Increased tension in the Korean peninsula has produced an artillery exchange and a North Korean threat of war more credible than usual. Expect cyber operations to accompany escalation.
Bat Blue looks at ISIS sympathizers' recent cyber attacks on sites in Alabama. They're "unsophisticated," but a nuisance, and more are expected.
Chinese cyber operators — whether criminal or governmental is unclear — are prospecting Indian government and university sites. Malicious Word documents are a common vector.
The "Blue Termite" APT group resurfaces in Japan, this time with command-and-control servers located in the target country itself.

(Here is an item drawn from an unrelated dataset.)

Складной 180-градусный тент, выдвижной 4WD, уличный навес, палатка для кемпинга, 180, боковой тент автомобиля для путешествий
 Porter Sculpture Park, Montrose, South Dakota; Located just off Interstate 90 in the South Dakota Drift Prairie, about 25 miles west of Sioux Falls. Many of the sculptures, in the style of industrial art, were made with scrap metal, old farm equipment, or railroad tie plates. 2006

US-CERT warns that distributed reflective denial-of-service attacks are spiking, and are exploiting UDP servers for amplification.
A Symantec researcher points out what too few of us seem to have noticed: the number of people affected by the OPM breach is far higher than generally appreciated. Up to 275 million may have been touched by the incident.
A second, bigger tranche of Ashley Madison files is dumped onto the Internet. The "Impact Team" includes emails from Avid Media's CEO to show their data are the real McCoy. The "ripple effect" of the breach, especially from files associated with US dot-gov and dot-mil domains, will produce more than embarrassment, Passcode argues. And TechWeek Europe seconds that with a reading from "the prophet John McAfee." If you're thinking you'd like to see if your data appear in the dump, think twice: there are malicious waterholing sites promising falsely to set your mind at ease.
Public and private information-sharing platforms are discussed.